We generally view critical thinking as making judgments based on the systematic analysis of evidence of some problem or topic, rather than relying on impulses, opinions and emotions. It is about trying to reduce errors and illogical reasoning. Most organizations concentrate on the systematic analysis approach to critical thinking because it is easier to catch errors than to notice when insights got missed. The caution, in regards to this approach, is we need to provide greater focus on inconsistencies and should review our arguments and beliefs and assumptions to try to maintain internal consistency. Otherwise we can fool ourselves and draw invalid conclusions. We need to be careful not to put so many restrictions on reasoning and inferences that we inhibit creativity. 

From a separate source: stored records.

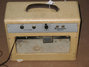 Rickenbacker M-8/amp , Cream: Body - Front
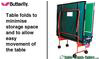 Butterfly Home Rollaway Outdoor Table Tennis Table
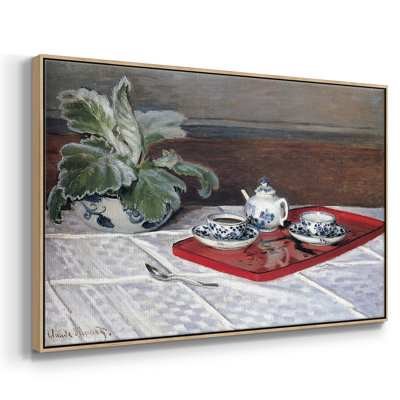 " The Tea Set, 1872 "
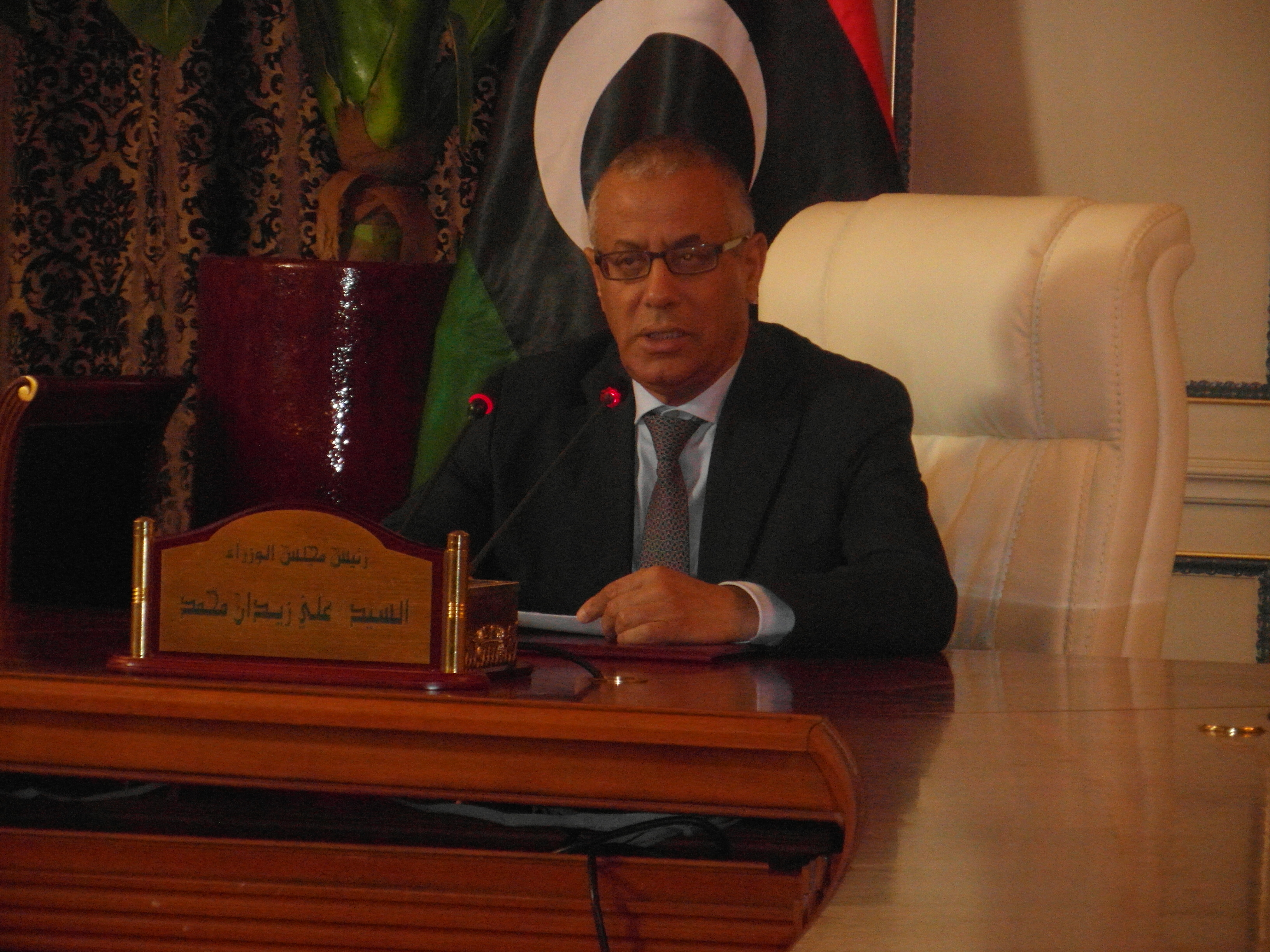 Corruption will not be wiped away in a day - Zeidan
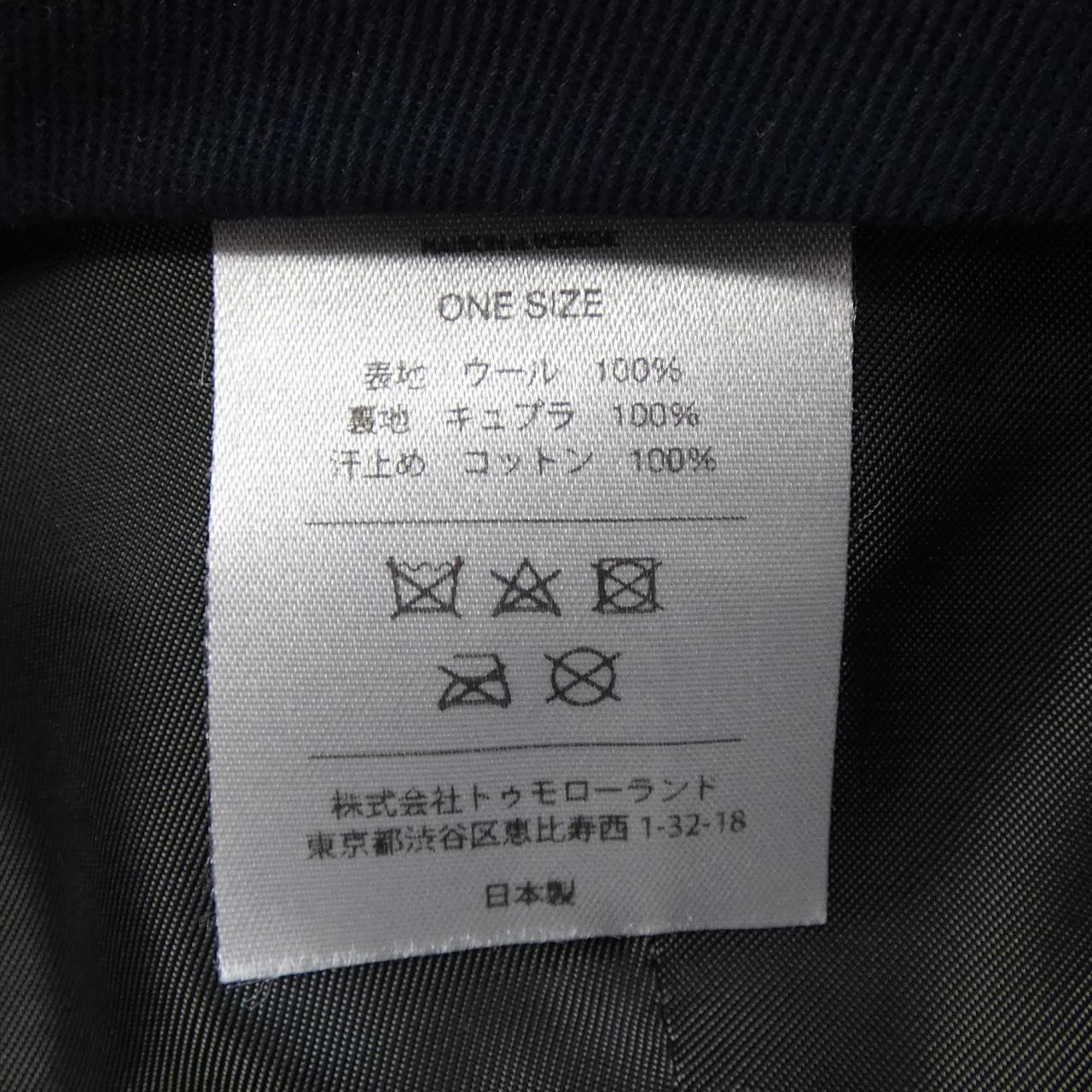 MAISONDEVOYAGE コットンキャップ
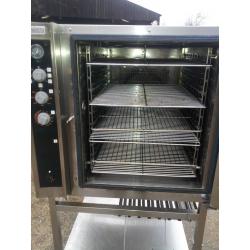 ZANUSSI Combi fcfe G102 2/1 gastronorm 20 Grid combi oven LPG GAS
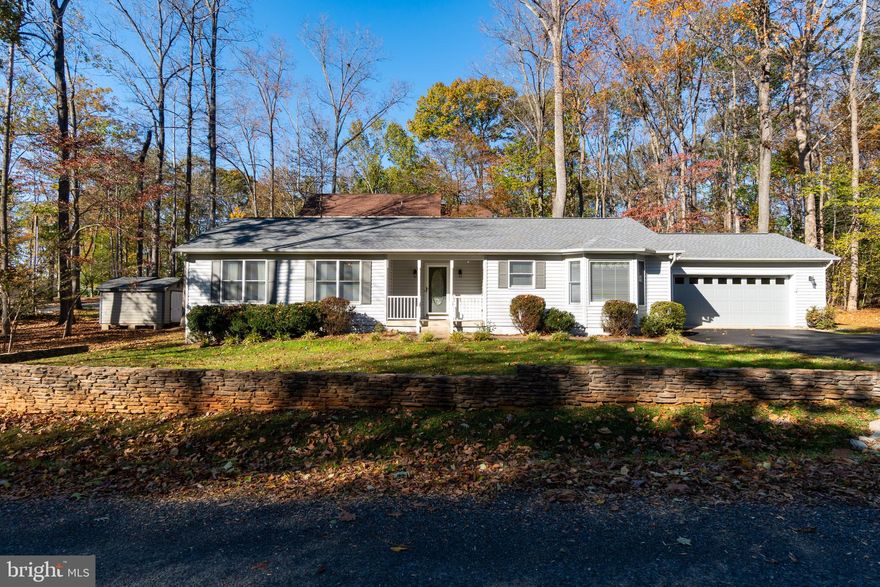 Enjoy single level living in this very well-maintained 3 bedroom and 2 full bath spacious Rambler positioned on a flat corner lot.  Bedrooms are light-filled with oversized closets.  Recent updates include a brand new roof (2020), a new Master Bedroom Shower, hardwood flooring in the Dining Room, and a new refrigerator, disposal and faucet in the kitchen.  Home offers a nice rear deck as well as a screened-in porch.  No need to worry about unclogging your gutters which were covered with Mesh in 2019.  Home offers a termite package through Permatreat which was renewed in Feb. 2020.   Shed in rear for extra storage. Make this house your home that is located in this desirable, amenity rich, private gated community which offers lakes, beaches, swimming pool, 18-hole PGA golf course, fire and rescue services, walking trails, tennis, gym, fine dining and sports lounge, equestrian center, community halls, recreation center, parks and clubs, and so much more.  PLEASE WEAR MASKS, REMOVE SHOES, AND FOLLOW COVID-19 PROTOCOLS.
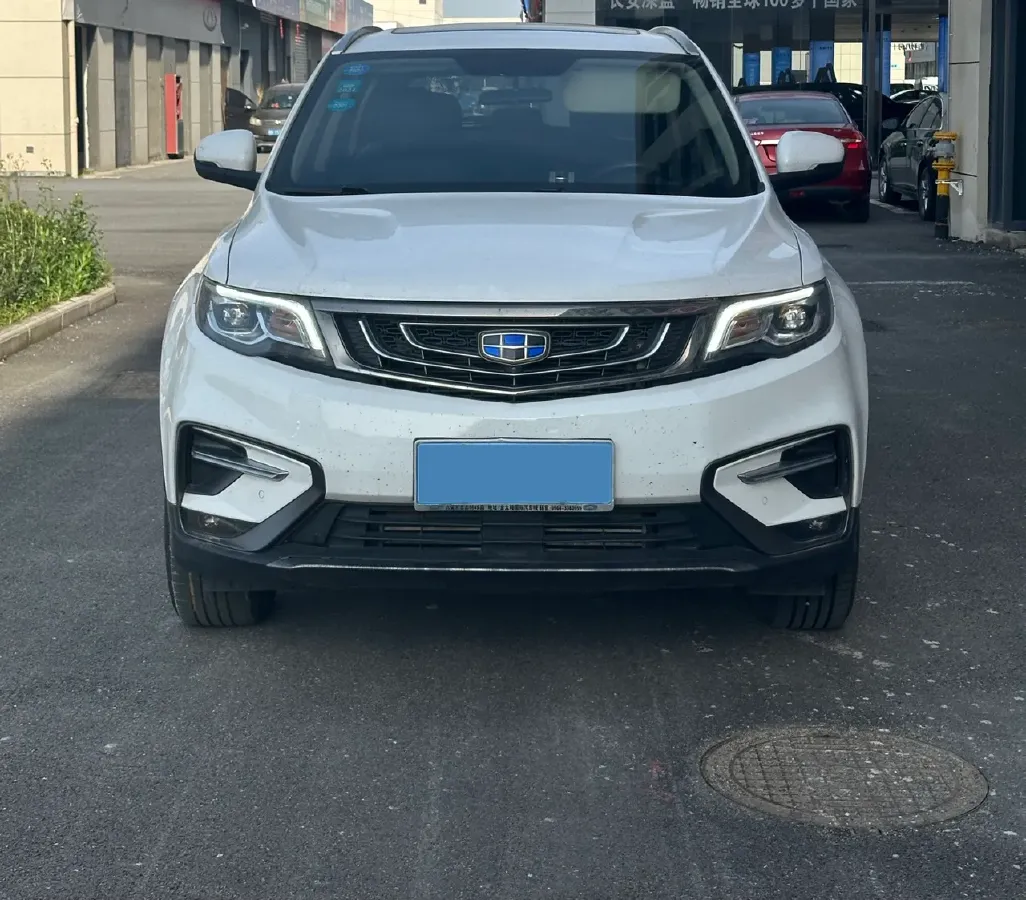 2018 Geely Azkarra 1.8T 184HP L4 6AT,autocango,china used car exporter,china ev exporter,chinese used car exporter,chinese used ev exporter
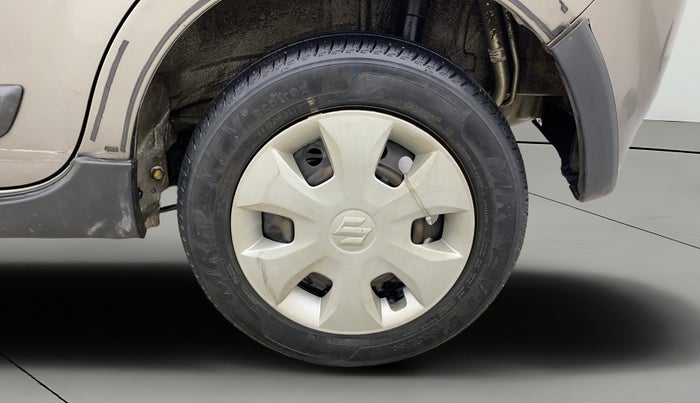 2023 Maruti New Wagon-R ZXI 1.2, Petrol, Manual, 28,091 km, Left Rear Wheel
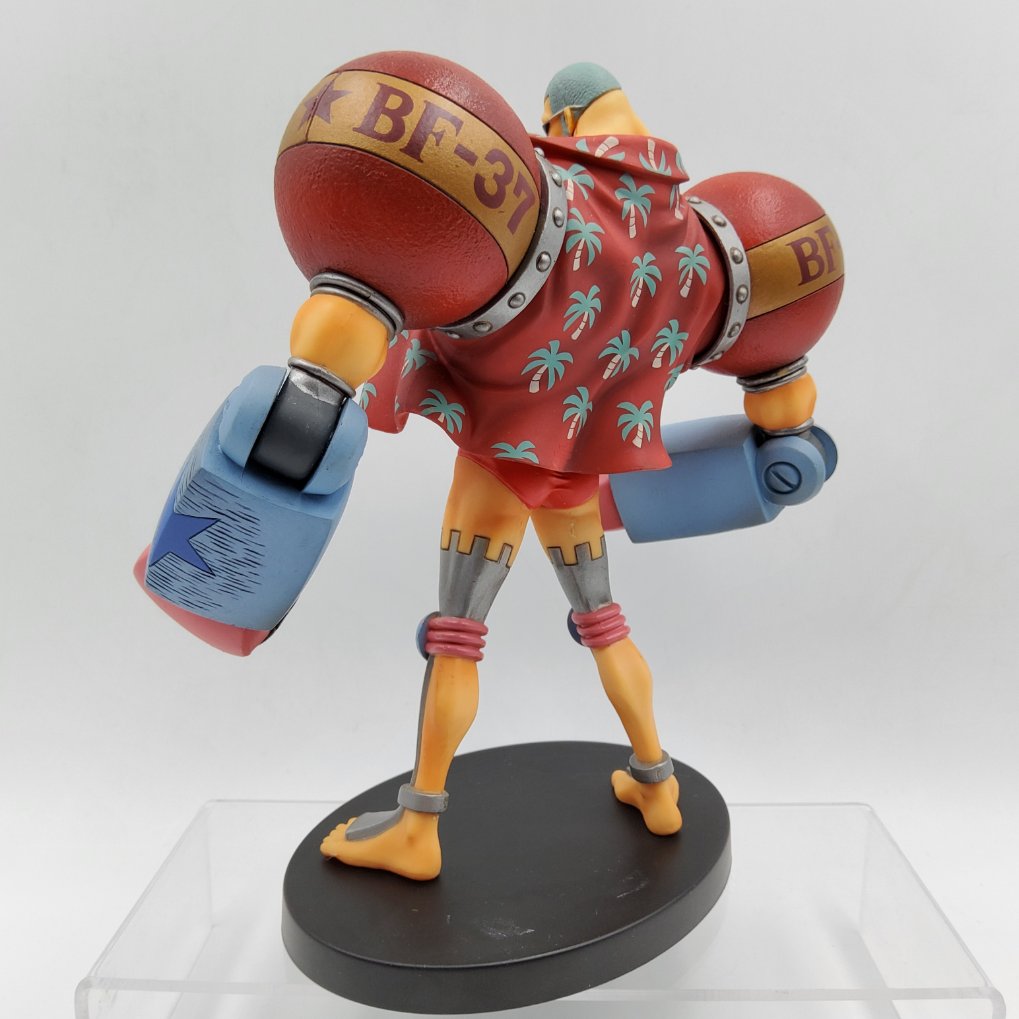 One Piece DX Figuur Frankie One Piece DX Figuur Granline Men Vol.13 Frankie - Japan Import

A more recent development regarding critical thinking involves thinking clearly about what is going on around us, and not uncritically accepting what people tell us is happening. It’s about thinking for ourselves, asking ourselves, “is this explanation plausible?” In the cybersecurity environment, this element of critical thinking is strategic to the individual making “in the moment” creative decisions while complying with the security leader’s intent. Instead of blindly accepting the interpretations of others the individual can be alert to weak signals that others aren’t noticing. In their role, they can be sensitive to events that were supposed to happen but didn’t. They can be more mindful within their unique operating environment.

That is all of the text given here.